Bill Rago (DeVito) is a divorced advertising executive down on his luck. When he loses his job in Detroit, the unemployment agency finds him a temporary job: teaching a class at a nearby U.S. Army training base, Fort McClane.
Initially unenthusiastic, Rago finds that he has only six weeks to teach a group of "squeakers," or low achievers, the basics of comprehension and use of English language. Most of the soldiers are only semi-literate and equally unenthusiastic.
Unable to connect with his pupils and desperate to spark their interest, Rago quotes from his favorite play, Hamlet by William Shakespeare. They are unfamiliar with it (or even the concept of a "play") and a small initial spark of interest is generated. He casts each student as a character in a classroom reading, then takes everyone on a field trip to a live performance by professionals. He introduces them to Shakespeare's Henry V as well.

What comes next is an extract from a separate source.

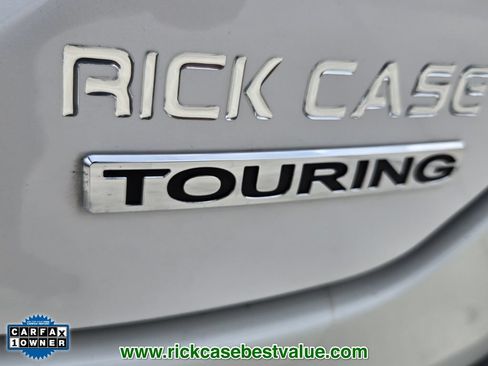 Used 2024 Honda Pilot Touring image 16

Despite the disapproval of their hard-as-nails Drill Sergeant Cass (Hines), and the loss of one of the trainees, who is revealed as a drug dealer hiding under an assumed identity, Rago sets an end-of-term oral examination. Even the friendly Capt. Murdoch in charge of the project doesn't expect the soldiers to pass Rago's class, adding that if they fail, they will be discharged from the Army. Hobbs wrote a letter to Rago and Murdoch about their inspiration and he was the first prison inmate to read a book about Shakespeare in the prison library. The prison is letting him out pretty soon to take college classes and a good recommendation to the judge about his service in the army to give him a commuted sentence.
While on duty, on a dare from Cass in front of other men, one of the soldiers recites the St. Crispin's Day Speech by King Henry V while in full combat gear in the middle of a rainstorm during a night exercise; the speech moves even the hardened Sgt. Cass. The students then all pass Rago's class, with flying colors.
Rago meets and dates Marie, another soldier in the records department, who helps him do some investigation before the base's graduation ceremony. It results in one of his students being awarded a medal his father was to have been given posthumously, after he was killed in Vietnam.
As the proud soldiers march at their passing-out parade, Rago is saluted by his "graduates." He signs on to continue teaching soldiers-in-training.